Task item: Print the records exactly. Miss nothing.
%%
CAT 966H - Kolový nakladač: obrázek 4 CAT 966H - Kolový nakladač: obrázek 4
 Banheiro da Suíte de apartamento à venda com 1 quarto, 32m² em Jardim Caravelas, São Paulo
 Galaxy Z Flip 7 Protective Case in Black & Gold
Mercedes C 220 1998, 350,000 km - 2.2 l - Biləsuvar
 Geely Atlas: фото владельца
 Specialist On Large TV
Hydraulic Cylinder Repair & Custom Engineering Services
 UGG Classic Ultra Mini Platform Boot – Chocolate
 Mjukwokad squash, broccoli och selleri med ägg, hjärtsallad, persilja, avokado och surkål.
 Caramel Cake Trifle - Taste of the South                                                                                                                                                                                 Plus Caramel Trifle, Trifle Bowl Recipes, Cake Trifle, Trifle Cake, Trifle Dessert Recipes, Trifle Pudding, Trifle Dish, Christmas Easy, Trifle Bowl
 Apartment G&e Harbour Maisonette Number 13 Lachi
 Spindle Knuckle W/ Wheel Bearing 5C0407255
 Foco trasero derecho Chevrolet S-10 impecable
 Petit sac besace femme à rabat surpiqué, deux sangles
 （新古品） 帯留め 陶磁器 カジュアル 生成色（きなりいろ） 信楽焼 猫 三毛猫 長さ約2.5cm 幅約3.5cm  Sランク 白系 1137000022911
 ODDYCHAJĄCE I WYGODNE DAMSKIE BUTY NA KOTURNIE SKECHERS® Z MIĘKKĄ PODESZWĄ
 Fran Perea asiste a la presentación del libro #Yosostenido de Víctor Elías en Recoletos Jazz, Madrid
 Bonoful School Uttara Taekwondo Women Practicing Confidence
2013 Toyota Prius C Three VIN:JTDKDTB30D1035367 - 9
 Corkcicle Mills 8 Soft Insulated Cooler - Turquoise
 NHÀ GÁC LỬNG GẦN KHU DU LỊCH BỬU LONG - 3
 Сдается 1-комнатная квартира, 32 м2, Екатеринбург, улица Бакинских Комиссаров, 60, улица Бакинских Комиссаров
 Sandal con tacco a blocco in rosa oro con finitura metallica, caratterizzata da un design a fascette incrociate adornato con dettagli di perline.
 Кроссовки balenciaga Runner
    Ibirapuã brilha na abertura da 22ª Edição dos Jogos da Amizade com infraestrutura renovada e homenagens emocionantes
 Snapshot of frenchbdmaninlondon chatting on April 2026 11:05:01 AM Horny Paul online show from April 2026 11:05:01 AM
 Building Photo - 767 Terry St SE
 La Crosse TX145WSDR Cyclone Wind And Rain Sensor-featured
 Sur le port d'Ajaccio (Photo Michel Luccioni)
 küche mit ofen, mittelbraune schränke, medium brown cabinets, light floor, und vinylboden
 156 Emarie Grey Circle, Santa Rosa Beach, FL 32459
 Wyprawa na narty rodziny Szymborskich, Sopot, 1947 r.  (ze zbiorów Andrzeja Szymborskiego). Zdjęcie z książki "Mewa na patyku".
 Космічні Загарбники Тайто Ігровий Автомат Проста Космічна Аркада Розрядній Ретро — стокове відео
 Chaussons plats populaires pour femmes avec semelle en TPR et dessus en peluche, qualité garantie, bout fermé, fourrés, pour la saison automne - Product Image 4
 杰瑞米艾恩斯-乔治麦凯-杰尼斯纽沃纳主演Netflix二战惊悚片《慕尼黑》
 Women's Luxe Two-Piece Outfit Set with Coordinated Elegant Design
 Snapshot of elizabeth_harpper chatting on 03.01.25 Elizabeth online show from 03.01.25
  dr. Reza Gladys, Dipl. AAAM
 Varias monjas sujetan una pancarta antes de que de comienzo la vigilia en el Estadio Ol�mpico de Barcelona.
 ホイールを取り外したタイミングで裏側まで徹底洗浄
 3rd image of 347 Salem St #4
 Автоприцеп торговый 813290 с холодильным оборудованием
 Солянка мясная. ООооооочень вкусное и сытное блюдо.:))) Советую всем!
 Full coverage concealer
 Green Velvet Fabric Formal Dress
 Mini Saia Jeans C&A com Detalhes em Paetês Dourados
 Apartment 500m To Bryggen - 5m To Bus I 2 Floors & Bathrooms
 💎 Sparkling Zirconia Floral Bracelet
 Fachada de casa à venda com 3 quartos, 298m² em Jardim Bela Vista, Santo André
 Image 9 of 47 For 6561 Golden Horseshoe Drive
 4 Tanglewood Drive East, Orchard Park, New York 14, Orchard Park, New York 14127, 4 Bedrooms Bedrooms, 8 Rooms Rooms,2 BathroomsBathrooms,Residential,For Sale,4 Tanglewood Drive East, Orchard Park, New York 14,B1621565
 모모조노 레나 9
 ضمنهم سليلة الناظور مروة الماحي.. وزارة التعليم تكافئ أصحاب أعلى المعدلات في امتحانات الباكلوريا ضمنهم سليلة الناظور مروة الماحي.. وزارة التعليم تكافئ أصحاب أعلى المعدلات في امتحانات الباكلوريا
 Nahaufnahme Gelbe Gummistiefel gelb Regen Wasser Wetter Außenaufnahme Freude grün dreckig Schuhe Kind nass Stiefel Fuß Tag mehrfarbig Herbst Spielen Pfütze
%%
Written answer:
CAT 966H - Kolový nakladač: obrázek 4 CAT 966H - Kolový nakladač: obrázek 4
 Banheiro da Suíte de apartamento à venda com 1 quarto, 32m² em Jardim Caravelas, São Paulo
 Galaxy Z Flip 7 Protective Case in Black & Gold
Mercedes C 220 1998, 350,000 km - 2.2 l - Biləsuvar
 Geely Atlas: фото владельца
 Specialist On Large TV
Hydraulic Cylinder Repair & Custom Engineering Services
 UGG Classic Ultra Mini Platform Boot – Chocolate
 Mjukwokad squash, broccoli och selleri med ägg, hjärtsallad, persilja, avokado och surkål.
 Caramel Cake Trifle - Taste of the South                                                                                                                                                                                 Plus Caramel Trifle, Trifle Bowl Recipes, Cake Trifle, Trifle Cake, Trifle Dessert Recipes, Trifle Pudding, Trifle Dish, Christmas Easy, Trifle Bowl
 Apartment G&e Harbour Maisonette Number 13 Lachi
 Spindle Knuckle W/ Wheel Bearing 5C0407255
 Foco trasero derecho Chevrolet S-10 impecable
 Petit sac besace femme à rabat surpiqué, deux sangles
 （新古品） 帯留め 陶磁器 カジュアル 生成色（きなりいろ） 信楽焼 猫 三毛猫 長さ約2.5cm 幅約3.5cm  Sランク 白系 1137000022911
 ODDYCHAJĄCE I WYGODNE DAMSKIE BUTY NA KOTURNIE SKECHERS® Z MIĘKKĄ PODESZWĄ
 Fran Perea asiste a la presentación del libro #Yosostenido de Víctor Elías en Recoletos Jazz, Madrid
 Bonoful School Uttara Taekwondo Women Practicing Confidence
2013 Toyota Prius C Three VIN:JTDKDTB30D1035367 - 9
 Corkcicle Mills 8 Soft Insulated Cooler - Turquoise
 NHÀ GÁC LỬNG GẦN KHU DU LỊCH BỬU LONG - 3
 Сдается 1-комнатная квартира, 32 м2, Екатеринбург, улица Бакинских Комиссаров, 60, улица Бакинских Комиссаров
 Sandal con tacco a blocco in rosa oro con finitura metallica, caratterizzata da un design a fascette incrociate adornato con dettagli di perline.
 Кроссовки balenciaga Runner
    Ibirapuã brilha na abertura da 22ª Edição dos Jogos da Amizade com infraestrutura renovada e homenagens emocionantes
 Snapshot of frenchbdmaninlondon chatting on April 2026 11:05:01 AM Horny Paul online show from April 2026 11:05:01 AM
 Building Photo - 767 Terry St SE
 La Crosse TX145WSDR Cyclone Wind And Rain Sensor-featured
 Sur le port d'Ajaccio (Photo Michel Luccioni)
 küche mit ofen, mittelbraune schränke, medium brown cabinets, light floor, und vinylboden
 156 Emarie Grey Circle, Santa Rosa Beach, FL 32459
 Wyprawa na narty rodziny Szymborskich, Sopot, 1947 r.  (ze zbiorów Andrzeja Szymborskiego). Zdjęcie z książki "Mewa na patyku".
 Космічні Загарбники Тайто Ігровий Автомат Проста Космічна Аркада Розрядній Ретро — стокове відео
 Chaussons plats populaires pour femmes avec semelle en TPR et dessus en peluche, qualité garantie, bout fermé, fourrés, pour la saison automne - Product Image 4
 杰瑞米艾恩斯-乔治麦凯-杰尼斯纽沃纳主演Netflix二战惊悚片《慕尼黑》
 Women's Luxe Two-Piece Outfit Set with Coordinated Elegant Design
 Snapshot of elizabeth_harpper chatting on 03.01.25 Elizabeth online show from 03.01.25
  dr. Reza Gladys, Dipl. AAAM
 Varias monjas sujetan una pancarta antes de que de comienzo la vigilia en el Estadio Ol�mpico de Barcelona.
 ホイールを取り外したタイミングで裏側まで徹底洗浄
 3rd image of 347 Salem St #4
 Автоприцеп торговый 813290 с холодильным оборудованием
 Солянка мясная. ООооооочень вкусное и сытное блюдо.:))) Советую всем!
 Full coverage concealer
 Green Velvet Fabric Formal Dress
 Mini Saia Jeans C&A com Detalhes em Paetês Dourados
 Apartment 500m To Bryggen - 5m To Bus I 2 Floors & Bathrooms
 💎 Sparkling Zirconia Floral Bracelet
 Fachada de casa à venda com 3 quartos, 298m² em Jardim Bela Vista, Santo André
 Image 9 of 47 For 6561 Golden Horseshoe Drive
 4 Tanglewood Drive East, Orchard Park, New York 14, Orchard Park, New York 14127, 4 Bedrooms Bedrooms, 8 Rooms Rooms,2 BathroomsBathrooms,Residential,For Sale,4 Tanglewood Drive East, Orchard Park, New York 14,B1621565
 모모조노 레나 9
 ضمنهم سليلة الناظور مروة الماحي.. وزارة التعليم تكافئ أصحاب أعلى المعدلات في امتحانات الباكلوريا ضمنهم سليلة الناظور مروة الماحي.. وزارة التعليم تكافئ أصحاب أعلى المعدلات في امتحانات الباكلوريا
 Nahaufnahme Gelbe Gummistiefel gelb Regen Wasser Wetter Außenaufnahme Freude grün dreckig Schuhe Kind nass Stiefel Fuß Tag mehrfarbig Herbst Spielen Pfütze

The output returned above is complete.